Step 3: Identify the minimum data needed
Resist the urge to “use everything.” Instead:
- List 3–5 essential fields (e.g., last 90 days of card transactions, logins, product mix)
- Confirm where that data lives and who owns it
- Align on definitions and quality checks
You’re trying to get to usable data, not perfect data.
Step 4: Choose the simplest AI/analytics approach
Not every problem needs deep learning.
Use the least complex tool that works:
- Rules-based models for simple triggers (e.g., usage drops, missed logins)
- Basic propensity models to rank members by likelihood to respond
- More advanced AI models only when the signal is hard to spot with simple rules
Your goal is decision support, not algorithmic art.
Step 5: Measure, learn, and tighten the loop
Before launch, decide:
- What success looks like (e.g., 20% increase in retained card spend, 15% fewer simple calls, 10% lift in digital engagement)
- How long you’ll run the pilot
- How you’ll gather member and staff feedback
This is where culture matters. The best credit unions treat each AI project as a learning engine, not a one-and-done.
Future-Proofing Your Credit Union’s Business Model
Lesley talks about future-proofing the credit union model through continuous improvement, speed, and data-based strategy. AI is now part of that conversation whether we like it or not.
Here’s the reality:
- Your members already interact with AI every day—in the apps they use, the recommendations they see, the fraud checks they never notice.
- Fintechs and big banks are using data to set the default expectation for “normal” financial service.

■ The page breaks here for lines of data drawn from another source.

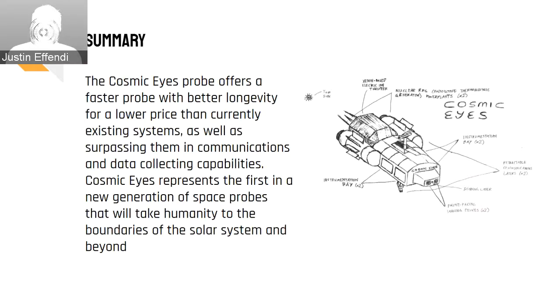Cosmic Eyes will bring interstellar space exploration into the 21st century. With a price-to-performance ratio never heard before in the aerospace industry, this probe will surpass previous probes in terms of propulsion, communications, power, and instrumentation. Its enhanced ion propulsion system will achieve the golden egg of high impulse and decently high thrust, making it the ideal choice as an interstellar probe. With this, it will shatter records and break barriers that in the past would have been deemed impossible to breach. Cosmic Eyes represents the first of a new generation of space probes that will truly open the depths of interstellar space to humanity. Cosmic Eyes: an interstellar probe for our century.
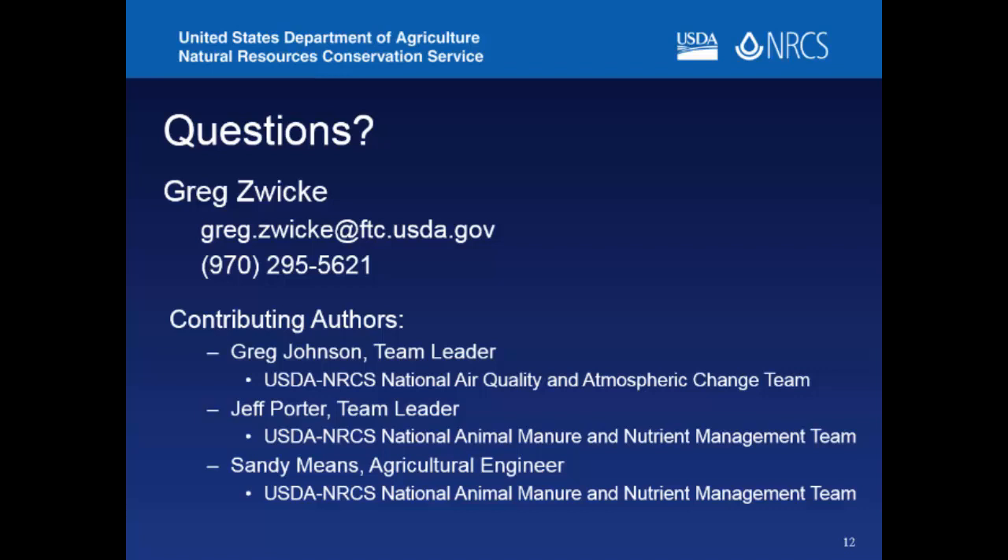Another question asked about the science behind the score boxes and whether quantitative questions were included. Some questions are more quantitative, asking whether you're doing more or less than a specific threshold. A large group of animal air quality experts used the latest science to build questions that are non-scientific in language but lead to a scientific answer. There's no direct emissions quantification behind the scores, but the science of emissions quantification informed the development of the qualitative scoring questions.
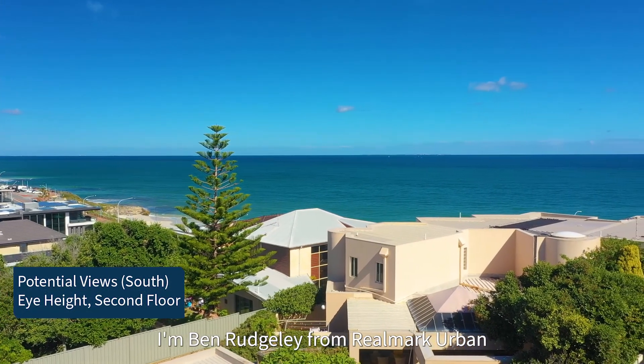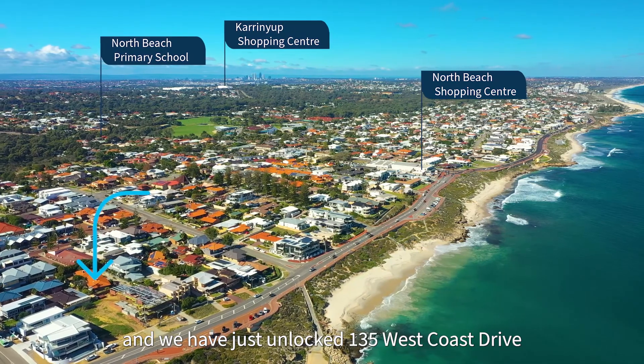I'm Ben Rudgeley from Realmark Urban, and we have just unlocked 135 West Coast Drive.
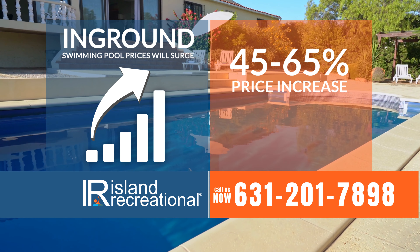Want more pizzazz? Of course you do. Call Island Recreational right now to select your spring installation date with zero money down. 2022 installations are very limited. This offer will not be repeated. Once we are sold out, we are sold out for good. Call 631-201-7898 or go to IRpools.com to select your zero-down installation date.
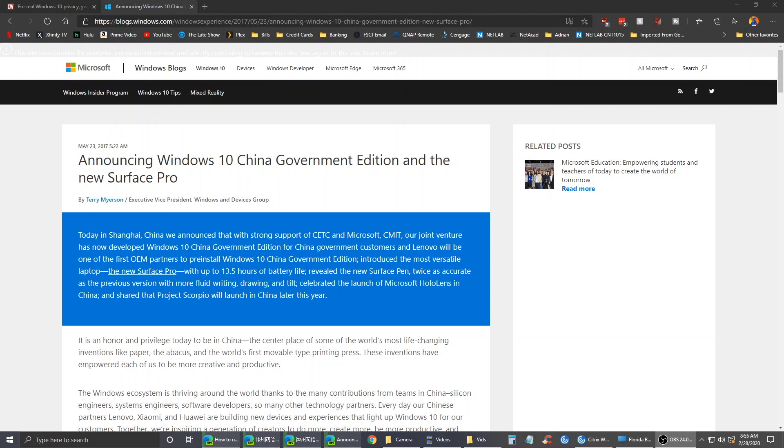Hey there guys, welcome to another video. I just want to preface this video with some information about what I'll be showing you here. What I'll be showing you is a stripped-down version of Windows 10. Specifically, this is a version of Windows 10 that was created for the Chinese government, and it is called the Windows 10 China Government Edition.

- Credit unions that rely only on great people and legacy processes will feel slower and less relevant, even if their intentions are member-first.
But this isn’t a story about being left behind. There’s a better way to approach AI for credit unions:
- Start from your strengths. You already have deep member trust, strong relationships, and a culture of service. Use AI to amplify that, not replace it.
- Make data actionable before you make it fancy. If a report doesn’t change a decision, it’s noise. If an AI tool doesn’t change a member experience, it’s shelfware.
- Treat AI as a long-term capability, not a one-time project. Just like digital banking, the first launch is the beginning, not the end.
If your next leadership discussion about AI focuses less on buzzwords and more on questions like, “What are the top three member experiences we’d improve with better data?”, you’re on the right track.
The credit unions that thrive over the next decade won’t be the ones with the flashiest tech stack. They’ll be the ones that quietly, consistently turn their data into better decisions for their members—every single day.
So the real question is simple: What’s the first piece of member data you’re going to turn into action this year?